======== THE INPUT ========
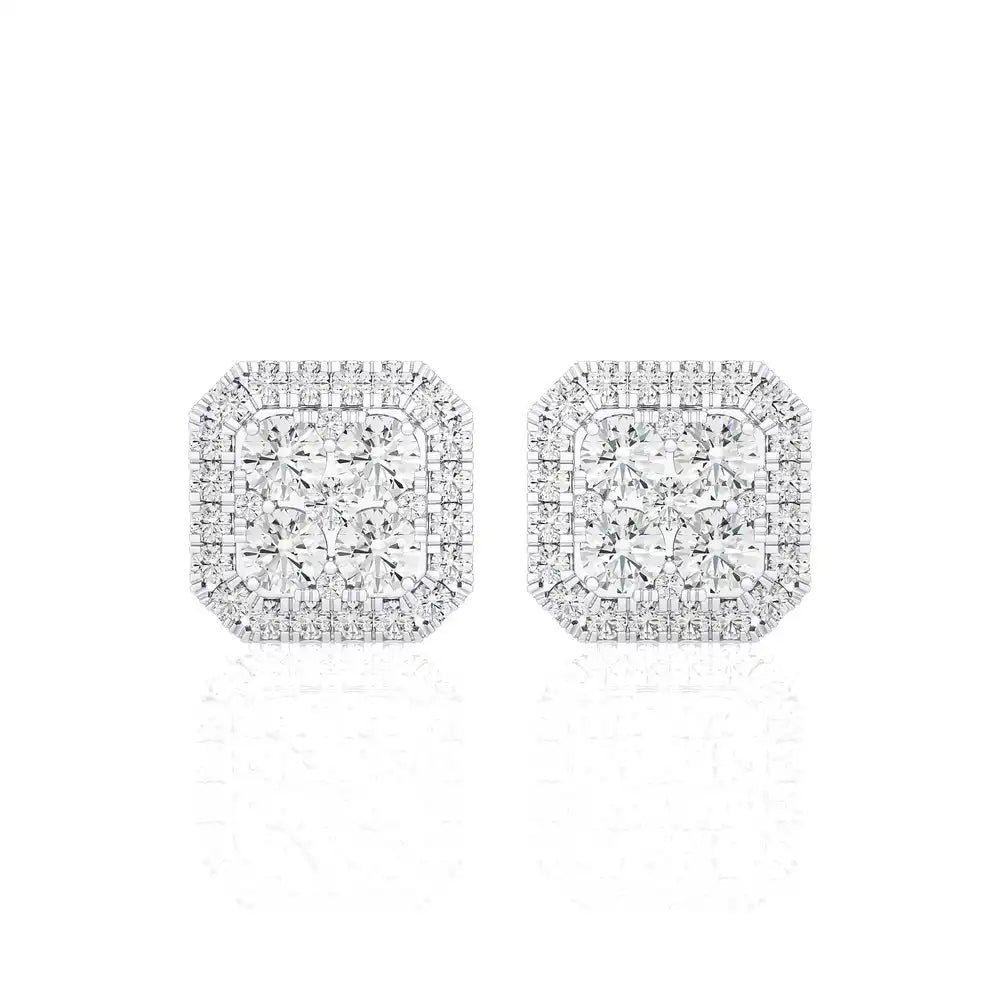 1-1/2 CTW Moonlight Cushion Cluster Diamond Stud Earring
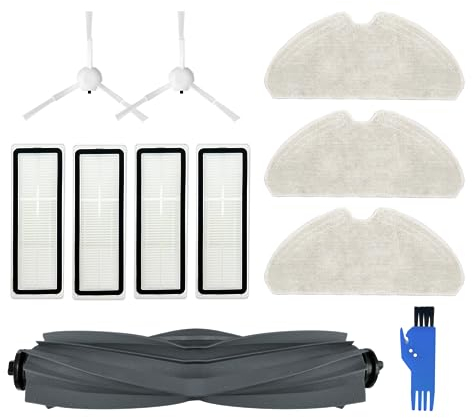 Pièces de Rechange Compatibles pour Aspirateur Robot Dreame D10S et D10S Pro, Kit d'accessoires Comprend 1 Brosse à Rouleau, 2 Brosses Latérales, 4 Filtres et 3 Vadrouilles (11 pièces)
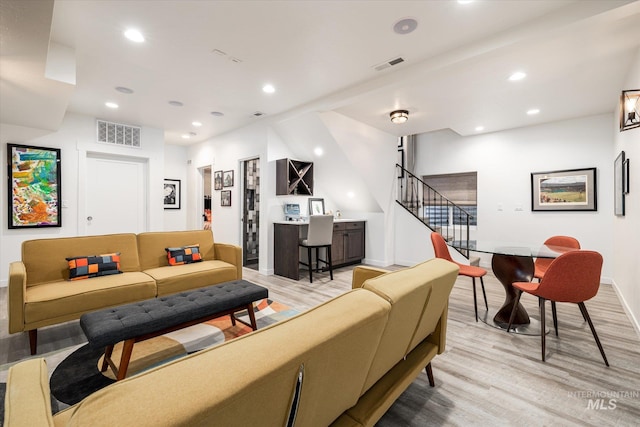 living room with light wood-type flooring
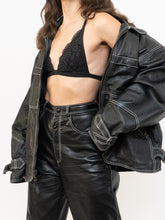 Load image into Gallery viewer, Vintage x Made in India x TREK Black Leather White-Stitched Oversized Jacket (XS-L)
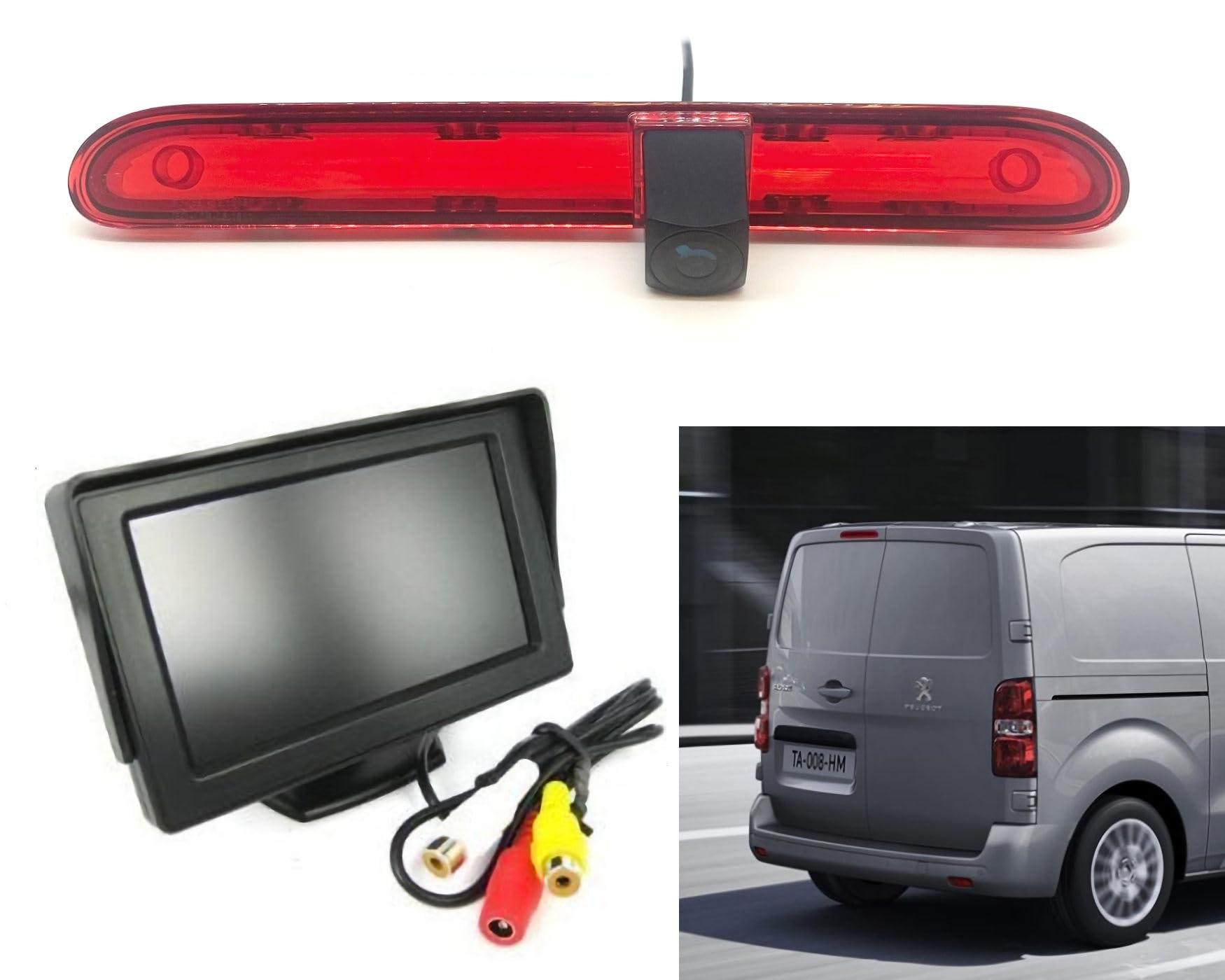 Dolphin Automotive High Level Brake Light Reversing Camera For Peugeot Expert & Citroen Dispatch 2016 Onwards (Camera With 4.3" Dash Monitor)
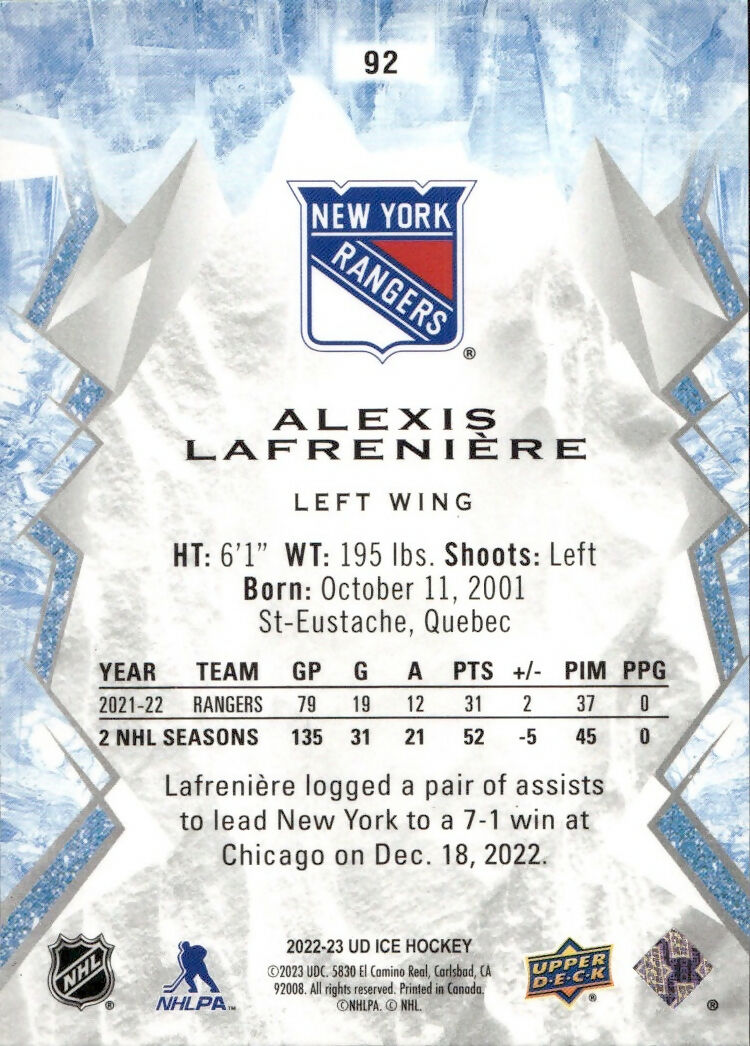 2022-23 Upper Deck Ice Hockey - Base - Pink #92 Alexis Lafreniere - New York Rangers - B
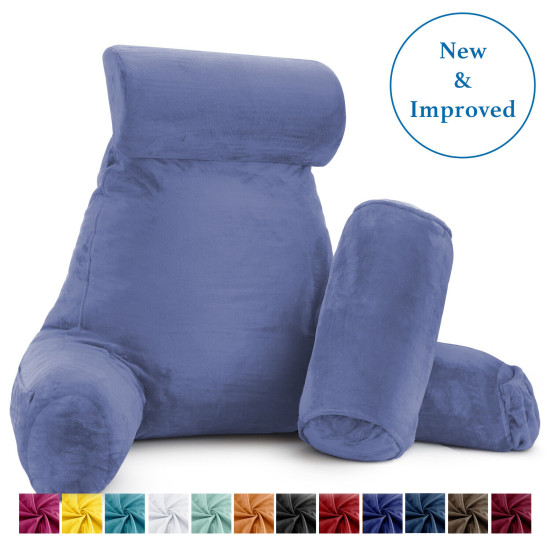 Large Soft Foam Reading & TV Relax Pillow + 2 Neck & Lumbar Pillows with Pockets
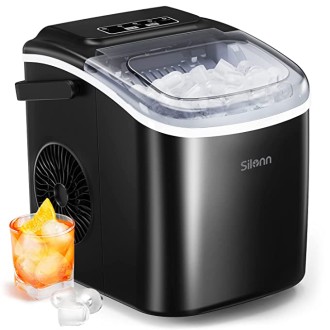 Silonn Countertop Ice Maker, 9 Cubes Ready in 6 Mins, 26lbs in 24Hrs, Self-Cleaning Ice Machine with Ice Scoop and Basket, 2 Sizes of Bullet Ice for Home Kitchen Office Bar Party, Black (SLIM09)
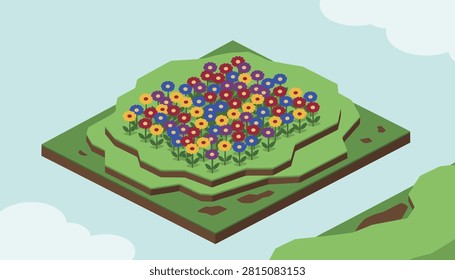 Isometric floating green land patch filled with colorful blooming flowers of red yellow and blue colors in the sky with clouds.
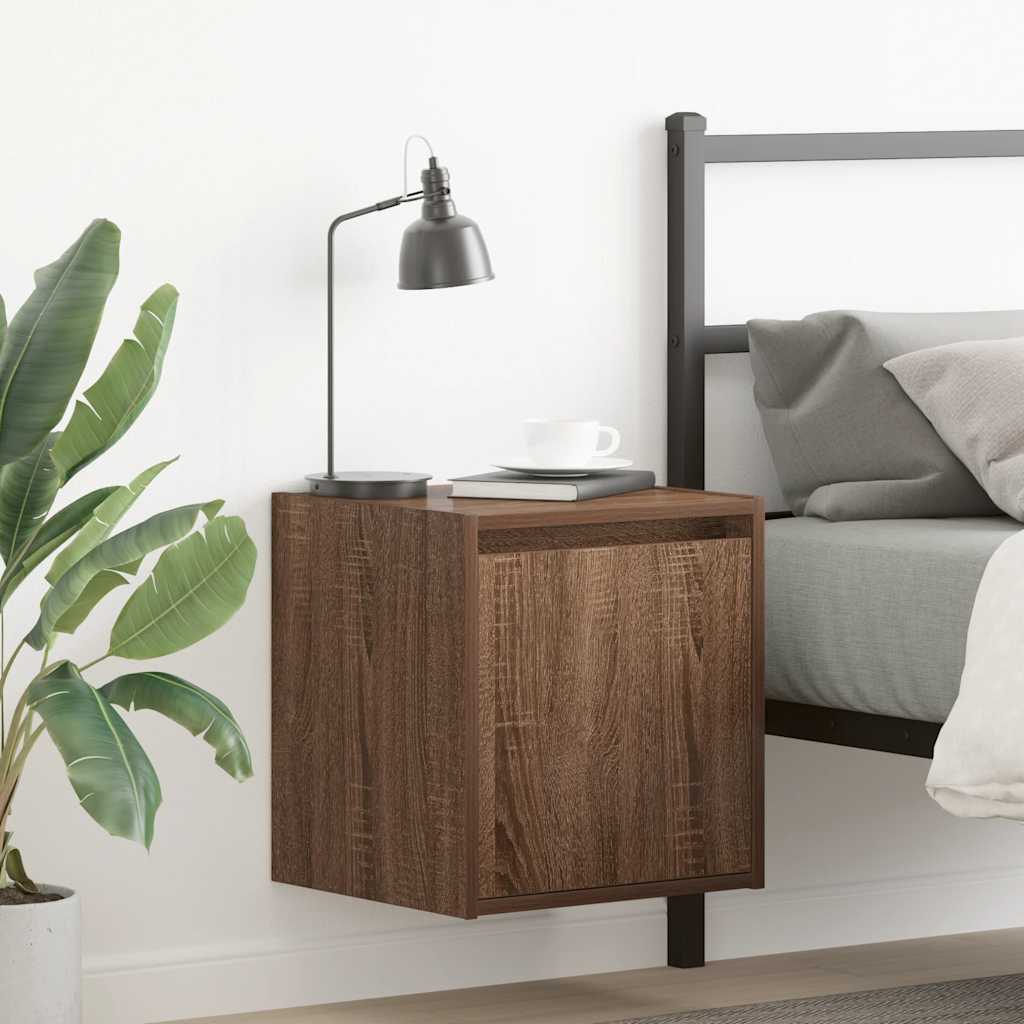 Wall-Mounted Bedside Cabinets 2 Pieces Brown Oak 38x34x40 cm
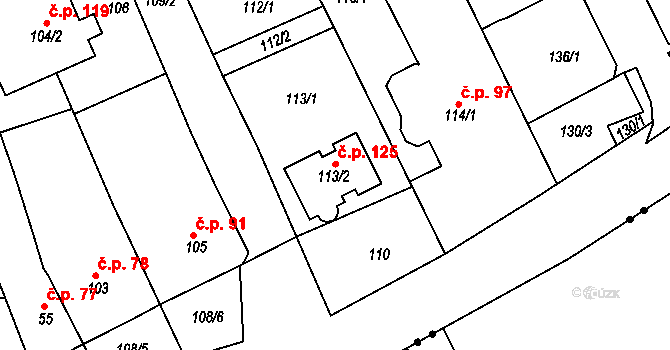 Drahůnky 125, Dubí na parcele st. 113/2 v KÚ Drahůnky, Katastrální mapa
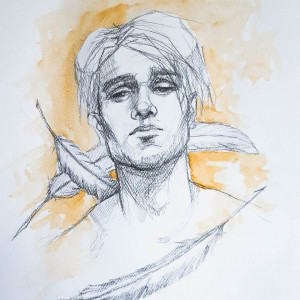 "ANIOŁ - PORTRET" rysunek ołówkiem, obraz A3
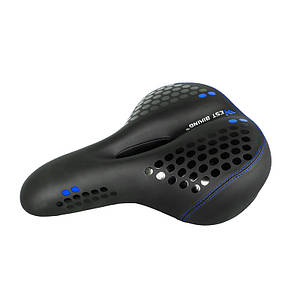 Cедло West Biking 080083 Black + Blue для велосипеда м'яке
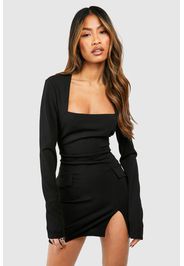 Crepe Square Neck Pocket Detail Mini Dress, Nero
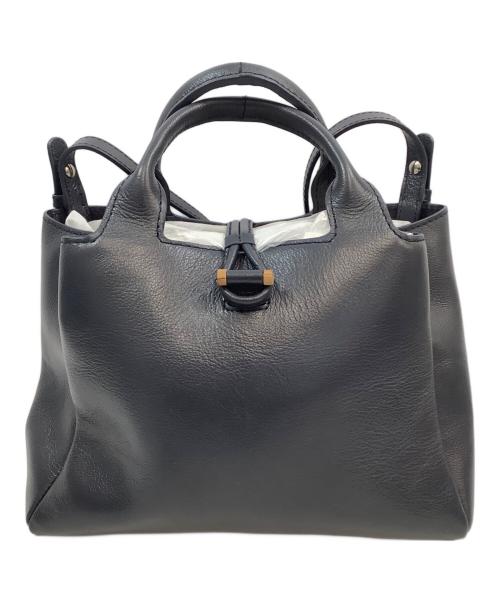 MOTHERHOUSE（マザーハウス）MOTHERHOUSE (マザーハウス) レザーハンドバッグ ネイビーの古着・服飾アイテム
========
TASK DESCRIPTION
Whenever a picture appears in the listing, leave it out; copy everything else exactly.

RESPONSE BOX
 1-1/2 CTW Moonlight Cushion Cluster Diamond Stud Earring
 Pièces de Rechange Compatibles pour Aspirateur Robot Dreame D10S et D10S Pro, Kit d'accessoires Comprend 1 Brosse à Rouleau, 2 Brosses Latérales, 4 Filtres et 3 Vadrouilles (11 pièces)
 living room with light wood-type flooring
 Load image into Gallery viewer, Vintage x Made in India x TREK Black Leather White-Stitched Oversized Jacket (XS-L)
 Dolphin Automotive High Level Brake Light Reversing Camera For Peugeot Expert & Citroen Dispatch 2016 Onwards (Camera With 4.3" Dash Monitor)
 2022-23 Upper Deck Ice Hockey - Base - Pink #92 Alexis Lafreniere - New York Rangers - B
 Large Soft Foam Reading & TV Relax Pillow + 2 Neck & Lumbar Pillows with Pockets
 Silonn Countertop Ice Maker, 9 Cubes Ready in 6 Mins, 26lbs in 24Hrs, Self-Cleaning Ice Machine with Ice Scoop and Basket, 2 Sizes of Bullet Ice for Home Kitchen Office Bar Party, Black (SLIM09)
 Isometric floating green land patch filled with colorful blooming flowers of red yellow and blue colors in the sky with clouds.
 Wall-Mounted Bedside Cabinets 2 Pieces Brown Oak 38x34x40 cm
 Drahůnky 125, Dubí na parcele st. 113/2 v KÚ Drahůnky, Katastrální mapa
 "ANIOŁ - PORTRET" rysunek ołówkiem, obraz A3
 Cедло West Biking 080083 Black + Blue для велосипеда м'яке
 Crepe Square Neck Pocket Detail Mini Dress, Nero
 MOTHERHOUSE（マザーハウス）MOTHERHOUSE (マザーハウス) レザーハンドバッグ ネイビーの古着・服飾アイテム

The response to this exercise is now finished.